• [Source information]:
▬▬▬
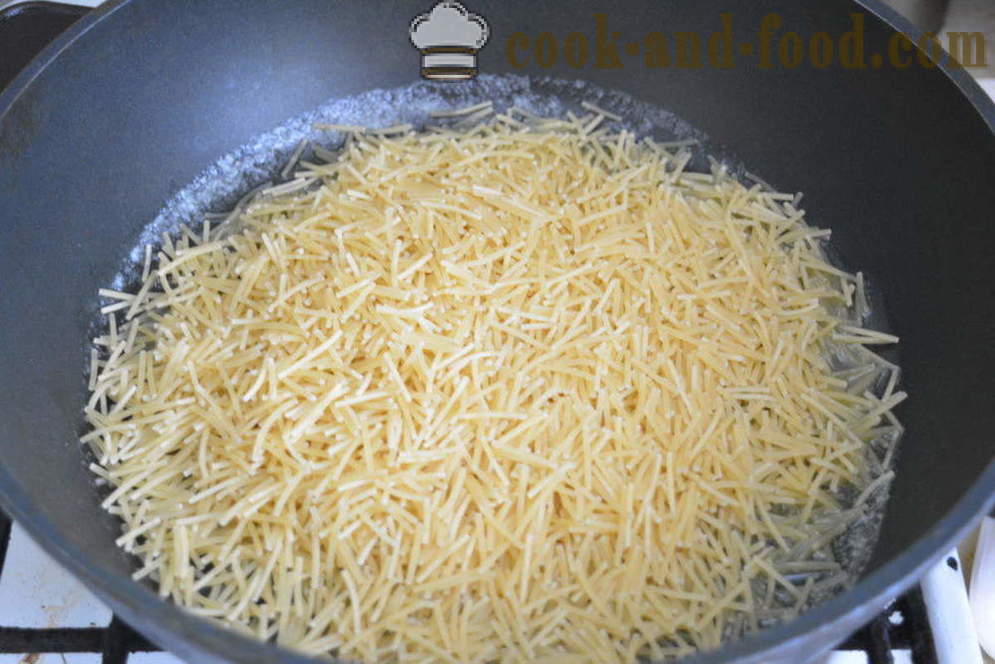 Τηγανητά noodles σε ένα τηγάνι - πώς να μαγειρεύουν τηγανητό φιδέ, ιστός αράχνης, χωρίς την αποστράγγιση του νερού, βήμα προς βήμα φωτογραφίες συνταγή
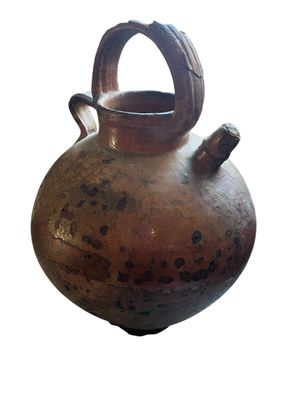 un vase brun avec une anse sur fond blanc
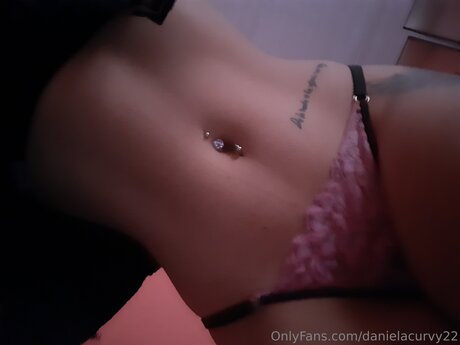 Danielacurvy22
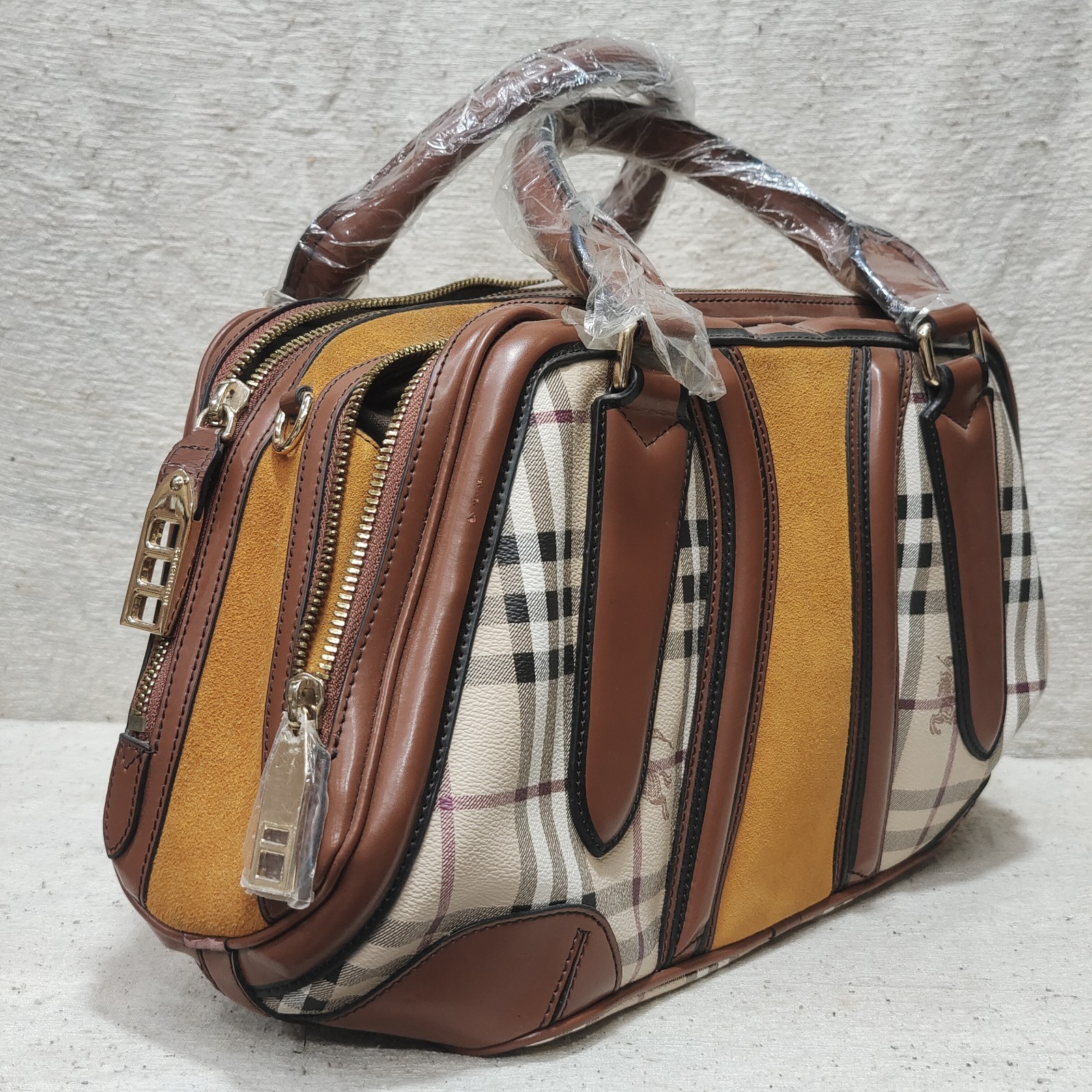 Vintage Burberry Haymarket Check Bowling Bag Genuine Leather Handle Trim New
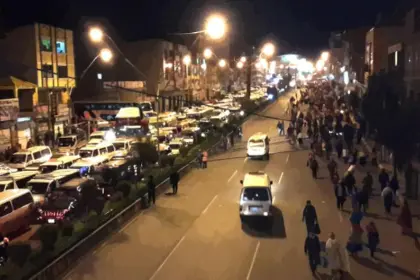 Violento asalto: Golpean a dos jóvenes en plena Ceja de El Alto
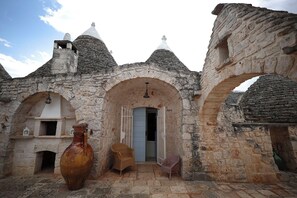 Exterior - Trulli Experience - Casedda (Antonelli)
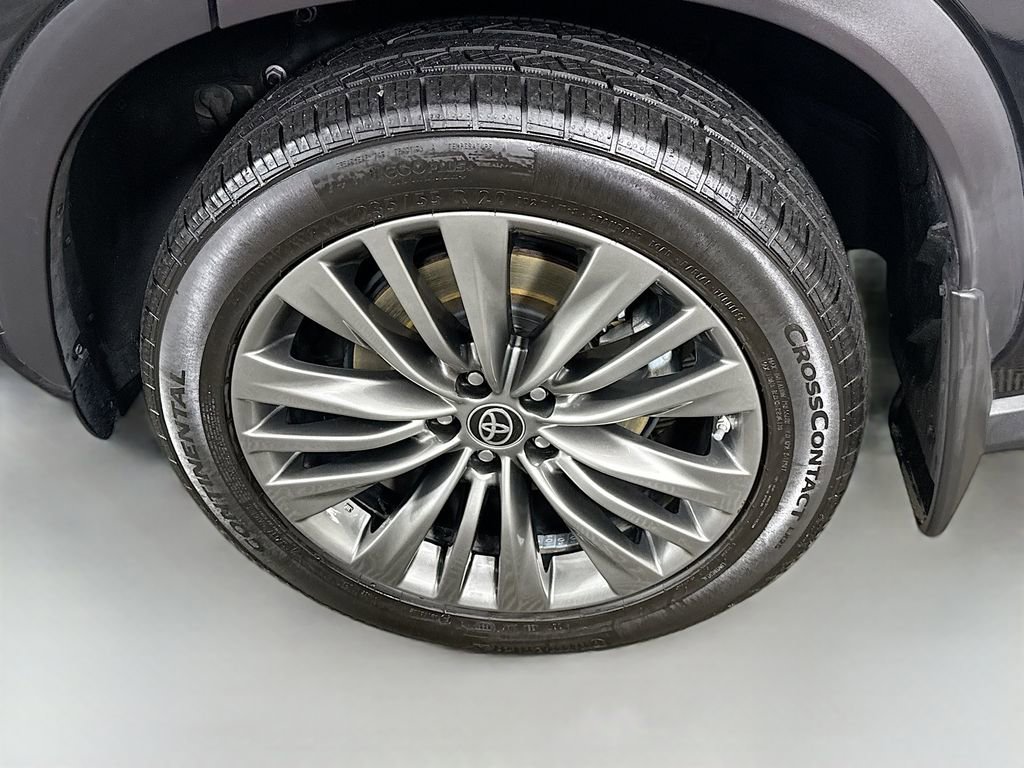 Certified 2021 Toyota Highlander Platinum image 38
▬▬▬
• [What is required]:
Exclude the images and output the lines above exactly.

• [Answer section]:
 Τηγανητά noodles σε ένα τηγάνι - πώς να μαγειρεύουν τηγανητό φιδέ, ιστός αράχνης, χωρίς την αποστράγγιση του νερού, βήμα προς βήμα φωτογραφίες συνταγή
 un vase brun avec une anse sur fond blanc
 Danielacurvy22
 Vintage Burberry Haymarket Check Bowling Bag Genuine Leather Handle Trim New
 Violento asalto: Golpean a dos jóvenes en plena Ceja de El Alto
 Exterior - Trulli Experience - Casedda (Antonelli)
 Certified 2021 Toyota Highlander Platinum image 38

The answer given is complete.